Serbia’s subordinate position is further aggravated by large loans taken from that country to build infrastructure, with it almost being assumed that their companies would be the main contractors without a tender and thus reap profits from the business they lent.
Professor of the Faculty of Economics Ljubodrag Savic says that the statements of politicians about 50 times increased exports can lead to the conclusion that a huge penetration of that market was achieved, and we should keep in mind what the starting point was and that the amount of goods is symbolic in relation to what we export to the European Union.
– But, we should be objective and say that even those more than 300 million placed in China are not insignificant exports and should not be underestimated because much more developed economies, such as the American or Western European ones, do not fare better in that exchange. Until the economic crisis, for example, Germany was the world’s largest exporter, with 1.350 billion dollars, and now China has overtaken it. In the last decade, it has been the absolute champion in terms of export growth. It imports only raw materials, raw materials, energy and top technology from the world, everything else is more or less self-produced, they have really become a world workshop – says Savic and adds that this is confirmed by customs duties introduced a few years ago in an attempt to curb the penetration of their goods. to the market of, say, America, although such a measure is unacceptable from the point of view of the World Trade Organization.
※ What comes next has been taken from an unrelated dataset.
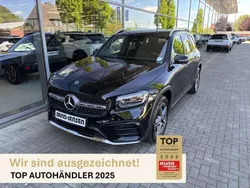 Kosmosschwarz metallic Gebraucht 2024 Mercedes GLB220 AMG line SUV | 48.995 € (Fairer Preis)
According to Dragana Mitrovic, professor at the Faculty of Political Sciences and director of the Institute for Asian Studies, that market is closed both for Serbia and for the format of countries that enter the “17 plus”.
– Dissatisfaction and demands of those 17 countries for China to be more open have been silent for a long time, especially since it is a member of the WTO and is obliged to respect those standards. She asked for the status of a market economy to be recognized, and the sooner she would have to open up, especially when it comes to us, because we have a lot of their loans and it should enable us to settle the trade deficit curve – says Mitrovic.
He emphasizes that we ourselves, as debtors at the bilateral level, would have to demand better passability of our goods on their market. She reminds that she proposed long ago more concrete measures that the country applied with some other trade partners, such as Ukraine, where it financed the production it needs. It was a mutual benefit, because China has a problem with standards, food safety.
– They have committed to opening the market within the “17 plus 1” format, but they are doing it very slowly, years pass until they sign, establish agreements and start implementing them, so we cannot be satisfied with the speed or scope with which the Chinese side fulfills its promises. Of course, we expect him to show far greater interest and not only to be our creditor and to realize his projects and employ his companies and technology on our territory, but to be a far greater investor and importer of our products – explains Professor Mitrović and points out that with economic models Cooperation should not interfere with the importance that China has for our strategic goals and political priorities, because it does so out of its own interests and thus protects the principles that are important to it, Danas reports.